**Task details**
Once you have read the data below, set it all down again exactly.

Recorded information START

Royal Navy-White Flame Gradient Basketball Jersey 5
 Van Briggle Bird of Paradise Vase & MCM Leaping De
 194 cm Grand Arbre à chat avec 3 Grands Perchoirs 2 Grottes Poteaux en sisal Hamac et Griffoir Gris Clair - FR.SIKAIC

Recorded information END

**Task solution**
Royal Navy-White Flame Gradient Basketball Jersey 5
 Van Briggle Bird of Paradise Vase & MCM Leaping De
 194 cm Grand Arbre à chat avec 3 Grands Perchoirs 2 Grottes Poteaux en sisal Hamac et Griffoir Gris Clair - FR.SIKAIC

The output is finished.